By Daniel Moxon – @dmoxon_
A truly special and famous European night at Anfield saw Liverpool overturn a three-goal deficit from the first leg to knock Barcelona out of the competition and book a place in the final of the UEFA Champions League with a 4-3 aggregate win.
Super sub Georginio Wijnaldum and Divock Origi were the heroes on the night with two goals each as the Reds produced a clinical display of passion and ferocity to blow the Catalans away.
Having scored only one in the first half, it looked like the Reds might have fallen short of what was needed to recover from the loss at the Nou Camp, but a second half onslaught saw two early goals from the Dutchman, on for the injured Andrew Robertson, before Trent Alexander-Arnold’s quick thinking allowed Origi to seal the most unlikely of comebacks.
Liverpool began in lightning fashion, eager to stamp their authority on the game and grab an early goal or two to make the visitors sweat. Xherdan Shaqiri had a half-chance inside the box after good work on the left from Mané with one minute on the clock, but his scuffed effort lacked accuracy and conviction.
It would not matter, though, as the home side got the breakthrough on six minutes. Mané pounced on a wayward header to send Jordan Henderson through and, though his effort was saved by Marc-Andre ter Stegen, Origi was on hand to tap home his first ever Champions League goal and send Anfield crowd into dreamland.
But tension soon boiled over on the pitch when Fabinho went in hard on Luis Suárez.

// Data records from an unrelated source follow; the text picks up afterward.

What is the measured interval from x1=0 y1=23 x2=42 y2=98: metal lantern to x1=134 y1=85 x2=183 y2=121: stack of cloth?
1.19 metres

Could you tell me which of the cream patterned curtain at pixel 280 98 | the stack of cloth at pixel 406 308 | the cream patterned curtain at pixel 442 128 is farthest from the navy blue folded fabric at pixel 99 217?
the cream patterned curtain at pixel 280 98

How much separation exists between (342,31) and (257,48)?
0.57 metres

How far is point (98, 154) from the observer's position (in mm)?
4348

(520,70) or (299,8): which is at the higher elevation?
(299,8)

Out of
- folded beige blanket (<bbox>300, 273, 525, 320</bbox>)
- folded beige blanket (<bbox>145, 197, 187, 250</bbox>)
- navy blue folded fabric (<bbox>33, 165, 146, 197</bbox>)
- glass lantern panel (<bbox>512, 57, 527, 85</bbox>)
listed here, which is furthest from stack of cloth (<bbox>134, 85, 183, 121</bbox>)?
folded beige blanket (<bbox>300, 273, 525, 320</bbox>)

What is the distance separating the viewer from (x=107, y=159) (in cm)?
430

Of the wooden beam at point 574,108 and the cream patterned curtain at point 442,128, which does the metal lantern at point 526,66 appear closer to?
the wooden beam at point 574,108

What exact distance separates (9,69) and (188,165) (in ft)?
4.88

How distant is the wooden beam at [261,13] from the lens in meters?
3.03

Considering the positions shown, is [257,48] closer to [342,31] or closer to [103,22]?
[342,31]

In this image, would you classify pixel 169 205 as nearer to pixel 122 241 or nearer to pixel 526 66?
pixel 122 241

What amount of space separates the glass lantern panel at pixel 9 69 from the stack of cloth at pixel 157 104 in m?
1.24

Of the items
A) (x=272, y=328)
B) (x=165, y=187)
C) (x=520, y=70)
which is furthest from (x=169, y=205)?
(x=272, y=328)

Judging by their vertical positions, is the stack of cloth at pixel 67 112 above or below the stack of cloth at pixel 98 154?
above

Referee Cuneyt Cakir deemed it too strong and cautioned the Brazilian for his reaction when the two players faced off.
The visitors would soon remind the delirious home players that they were in a game as a dangerous counter-attack resulted in Lionel Messi, fresh from scoring his 600th Barcelona goal in the first leg, forcing a decent parry from Alisson with a left-footed effort at the Kop End. Minutes later, he would push away an effort from compatriot and former Red Philippe Coutinho.

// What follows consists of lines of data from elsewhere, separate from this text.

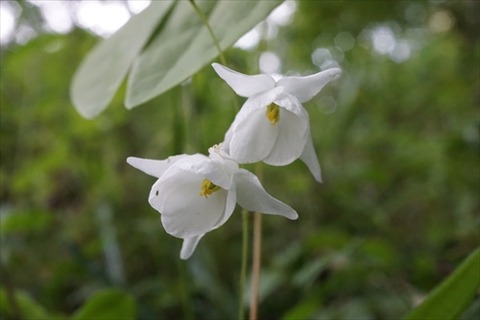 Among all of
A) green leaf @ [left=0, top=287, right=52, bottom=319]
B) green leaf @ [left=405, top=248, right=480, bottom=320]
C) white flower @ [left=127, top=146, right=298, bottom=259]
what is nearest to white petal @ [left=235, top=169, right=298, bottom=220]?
white flower @ [left=127, top=146, right=298, bottom=259]

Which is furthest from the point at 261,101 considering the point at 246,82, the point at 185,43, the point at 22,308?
the point at 22,308

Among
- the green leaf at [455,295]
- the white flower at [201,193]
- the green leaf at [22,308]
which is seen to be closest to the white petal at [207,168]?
the white flower at [201,193]

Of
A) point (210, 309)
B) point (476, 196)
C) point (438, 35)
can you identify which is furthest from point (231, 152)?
point (438, 35)

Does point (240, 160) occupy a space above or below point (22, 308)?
above

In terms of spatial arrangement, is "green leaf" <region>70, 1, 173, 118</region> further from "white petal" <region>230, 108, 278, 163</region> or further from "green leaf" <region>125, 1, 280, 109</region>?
"white petal" <region>230, 108, 278, 163</region>

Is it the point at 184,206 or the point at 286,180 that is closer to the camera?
the point at 184,206

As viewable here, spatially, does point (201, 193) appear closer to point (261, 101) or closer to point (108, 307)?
point (261, 101) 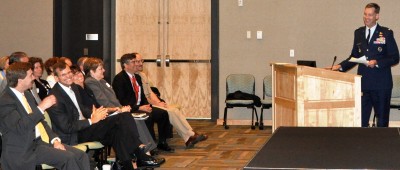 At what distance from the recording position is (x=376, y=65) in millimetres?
7457

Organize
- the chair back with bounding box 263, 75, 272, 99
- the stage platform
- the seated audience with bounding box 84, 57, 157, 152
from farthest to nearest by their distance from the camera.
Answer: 1. the chair back with bounding box 263, 75, 272, 99
2. the seated audience with bounding box 84, 57, 157, 152
3. the stage platform

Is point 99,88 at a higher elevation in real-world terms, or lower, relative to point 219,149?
higher

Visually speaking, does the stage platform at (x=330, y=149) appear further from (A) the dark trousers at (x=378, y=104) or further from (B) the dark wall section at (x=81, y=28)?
(B) the dark wall section at (x=81, y=28)

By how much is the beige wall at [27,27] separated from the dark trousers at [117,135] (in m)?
5.28

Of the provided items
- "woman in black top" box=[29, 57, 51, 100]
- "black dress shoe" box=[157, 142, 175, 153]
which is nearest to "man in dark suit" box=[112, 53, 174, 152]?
"black dress shoe" box=[157, 142, 175, 153]

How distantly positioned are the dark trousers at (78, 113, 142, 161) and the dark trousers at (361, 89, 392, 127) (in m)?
2.29

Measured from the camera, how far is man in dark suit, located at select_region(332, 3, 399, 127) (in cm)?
742

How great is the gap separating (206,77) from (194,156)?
12.3 ft

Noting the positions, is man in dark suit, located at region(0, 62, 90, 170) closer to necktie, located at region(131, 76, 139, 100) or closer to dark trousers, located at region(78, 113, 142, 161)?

Liverpool’s would take a blow on the half hour mark, as Jordan Henderson crumpled to the floor holding his knee after an awkward turn and landing. Georginio Wijnaldum was stripped and ready to replace him, but the damage was less than first feared and the skipper was able to continue.
There was also a scare for Andy Robertson who went down after what looked like a kick out from Suárez. Luckily the left back was also able to continue, but questions remain over why a VAR review wasn’t carried out for an incident that could have seen the Uruguayan sent off.

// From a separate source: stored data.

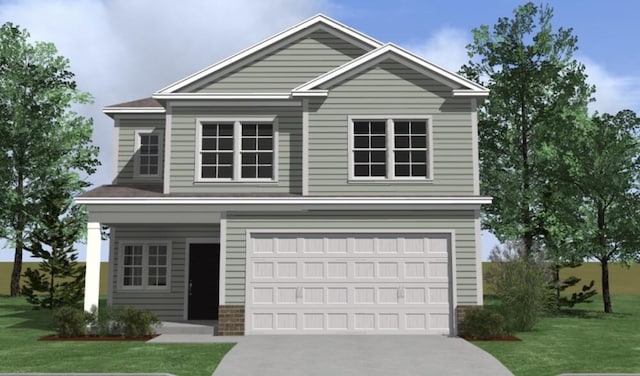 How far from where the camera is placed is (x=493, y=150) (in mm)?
34531

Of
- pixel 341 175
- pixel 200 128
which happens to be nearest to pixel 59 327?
pixel 200 128

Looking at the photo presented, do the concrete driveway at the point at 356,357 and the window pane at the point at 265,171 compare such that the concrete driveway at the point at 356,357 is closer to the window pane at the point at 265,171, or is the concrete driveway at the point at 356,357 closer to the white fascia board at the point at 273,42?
the window pane at the point at 265,171

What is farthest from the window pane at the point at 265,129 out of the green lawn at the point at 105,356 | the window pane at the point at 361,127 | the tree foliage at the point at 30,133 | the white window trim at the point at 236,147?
the tree foliage at the point at 30,133

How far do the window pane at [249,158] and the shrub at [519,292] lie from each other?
8.09 meters

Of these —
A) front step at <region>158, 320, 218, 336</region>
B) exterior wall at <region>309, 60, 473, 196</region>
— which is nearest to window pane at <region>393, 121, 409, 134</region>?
exterior wall at <region>309, 60, 473, 196</region>

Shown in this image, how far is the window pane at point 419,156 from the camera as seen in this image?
2072 centimetres

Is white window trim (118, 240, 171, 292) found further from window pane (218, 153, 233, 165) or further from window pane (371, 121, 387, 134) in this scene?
window pane (371, 121, 387, 134)

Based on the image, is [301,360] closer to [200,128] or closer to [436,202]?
[436,202]

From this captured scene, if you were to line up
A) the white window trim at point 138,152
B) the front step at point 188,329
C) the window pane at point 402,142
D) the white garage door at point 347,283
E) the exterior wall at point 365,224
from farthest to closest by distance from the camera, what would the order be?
the white window trim at point 138,152, the window pane at point 402,142, the front step at point 188,329, the exterior wall at point 365,224, the white garage door at point 347,283

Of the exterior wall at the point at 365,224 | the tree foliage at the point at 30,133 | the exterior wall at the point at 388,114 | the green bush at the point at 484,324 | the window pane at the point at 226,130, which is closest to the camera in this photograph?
the green bush at the point at 484,324

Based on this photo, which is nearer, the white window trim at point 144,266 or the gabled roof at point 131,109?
the white window trim at point 144,266

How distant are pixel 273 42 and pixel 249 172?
14.4 feet

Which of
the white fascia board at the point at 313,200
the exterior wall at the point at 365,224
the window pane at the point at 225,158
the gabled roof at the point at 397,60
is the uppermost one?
the gabled roof at the point at 397,60

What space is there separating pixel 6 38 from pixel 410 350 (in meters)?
36.4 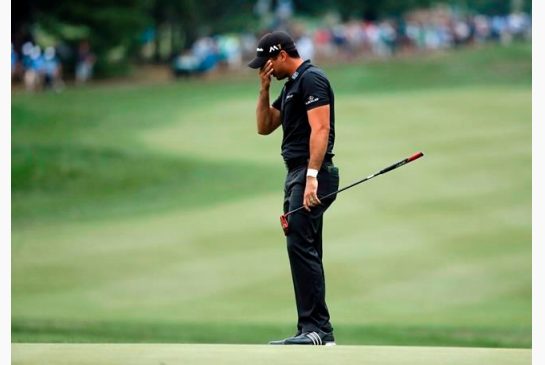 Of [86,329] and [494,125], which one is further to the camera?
[494,125]

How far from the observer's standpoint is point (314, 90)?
288 inches

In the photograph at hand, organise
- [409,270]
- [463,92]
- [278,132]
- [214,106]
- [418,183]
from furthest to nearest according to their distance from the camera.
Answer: [463,92], [214,106], [278,132], [418,183], [409,270]

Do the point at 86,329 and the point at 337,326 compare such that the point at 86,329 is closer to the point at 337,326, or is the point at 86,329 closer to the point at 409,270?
the point at 337,326

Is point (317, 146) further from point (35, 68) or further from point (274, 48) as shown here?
point (35, 68)

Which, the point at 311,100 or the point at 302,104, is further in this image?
the point at 302,104

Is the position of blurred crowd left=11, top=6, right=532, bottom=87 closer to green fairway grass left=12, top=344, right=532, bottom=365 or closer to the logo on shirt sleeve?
the logo on shirt sleeve

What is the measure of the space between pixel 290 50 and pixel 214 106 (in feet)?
114

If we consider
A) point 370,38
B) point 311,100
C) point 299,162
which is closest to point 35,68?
point 370,38

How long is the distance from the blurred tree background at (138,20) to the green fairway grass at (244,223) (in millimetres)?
5910

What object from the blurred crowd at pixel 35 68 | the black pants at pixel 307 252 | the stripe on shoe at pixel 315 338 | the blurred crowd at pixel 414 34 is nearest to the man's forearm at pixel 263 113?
the black pants at pixel 307 252

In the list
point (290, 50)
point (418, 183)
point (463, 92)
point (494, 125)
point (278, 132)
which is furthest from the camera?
point (463, 92)

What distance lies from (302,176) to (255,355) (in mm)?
1301

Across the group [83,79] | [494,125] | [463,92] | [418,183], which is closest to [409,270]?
[418,183]

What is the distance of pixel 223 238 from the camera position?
20641 mm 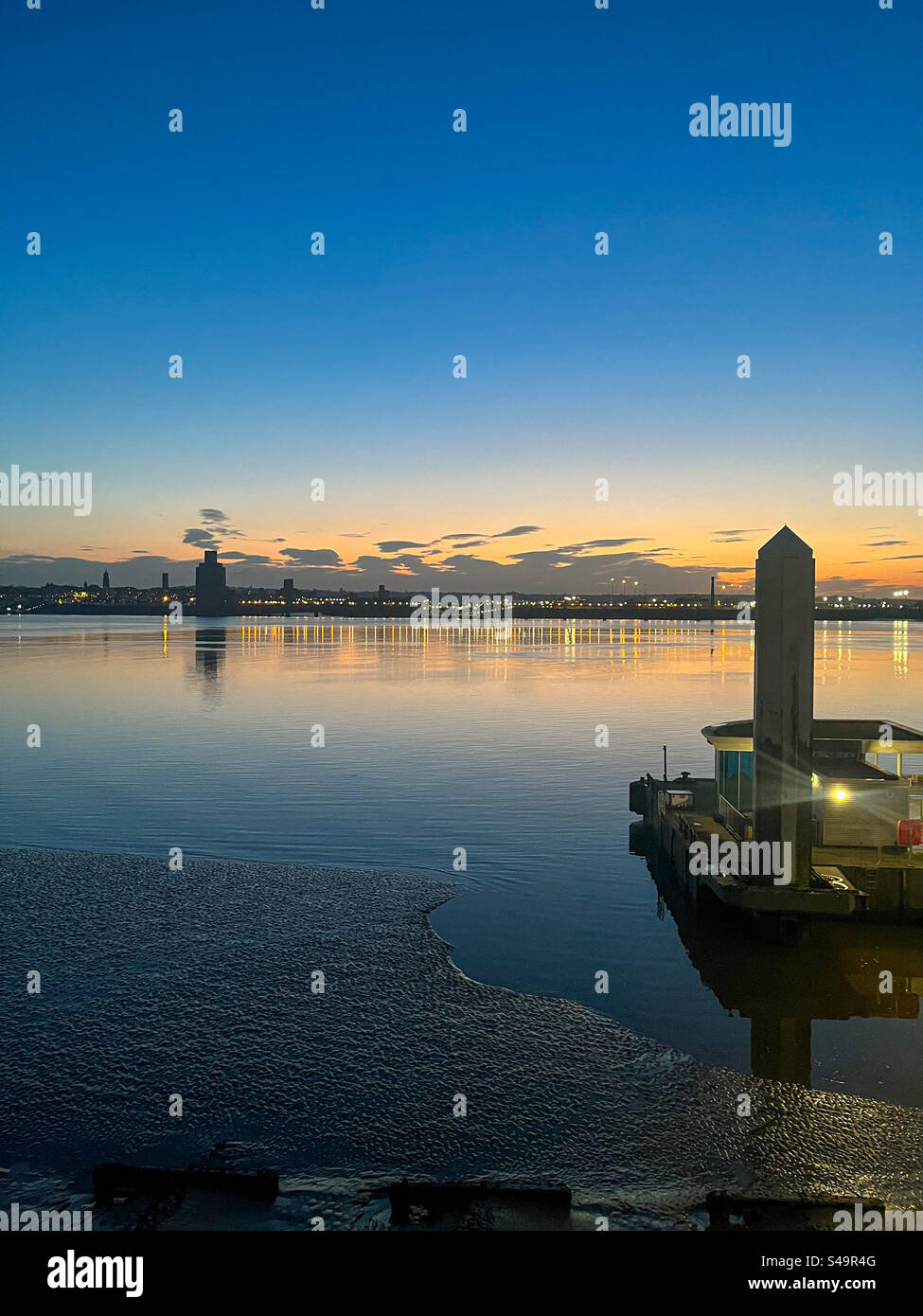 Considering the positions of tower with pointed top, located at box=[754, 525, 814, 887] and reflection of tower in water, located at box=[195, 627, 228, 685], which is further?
reflection of tower in water, located at box=[195, 627, 228, 685]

Alisson would once again prove to be Liverpool’s hero as a Barcelona break looked to see Jordi Alba in on goal on the brink of half time, but the stopper was quick off his line to smother the Spaniard’s effort and send his side into the break still very much in the tie.
Robertson would not be able to continue for the second half and was replaced by Wijnaldum at the break – James Milner would move to left back. Virgil van Dijk almost put the Reds within one from a corner, volleying from point-blank range, but ter Stegen reacted superbly to save.
Wijnaldum’s impact would be immediate – less than 10 minutes on the pitch, he would sweep home from a low Trent Alexander-Arnold cross to really make the game a nervous ones for the Catalans.
They would become even more scared when the Dutchman headed home from Shaqiri’s delivery just a minute later to level the tie and send Anfield into raptures.
Lionel Messi would later be afforded an opportunity to score a free kick from a similar position to the one he netted in the first leg, but his aim was less deadly this time and his effort was blocked by a Liverpool wall which strained every sinew to smother the Argentine’s strike.
Incredibly, Liverpool would take the lead in the tie for the first time when Trent Alexander-Arnold’s quick thinking saw him put the corner in low and hard while Barcelona were napping, and Divock Origi was clinical to fire into the top corner and put one Red foot in the final.
The Belgian would leave the pitch with seven minutes of normal time to go with an injury, but hobbled off to a hero’s reception as Anfield paid tribute to the man who had led the line so admirably on the night. He was replaced by Joe Gomez.
The five minutes of added time were nail-biting and Barcelona produced a few moments which terrified the anxious onlookers, but Jurgen Klopp’s side had done enough and their place in a second-successive Champions League final was secured.
Anfield will host Wolves on Sunday as Liverpool hope for domestic glory, and will travel to Madrid on June 1 to face either Tottenham Hotspur or Ajax at the Wanda Metropolitano.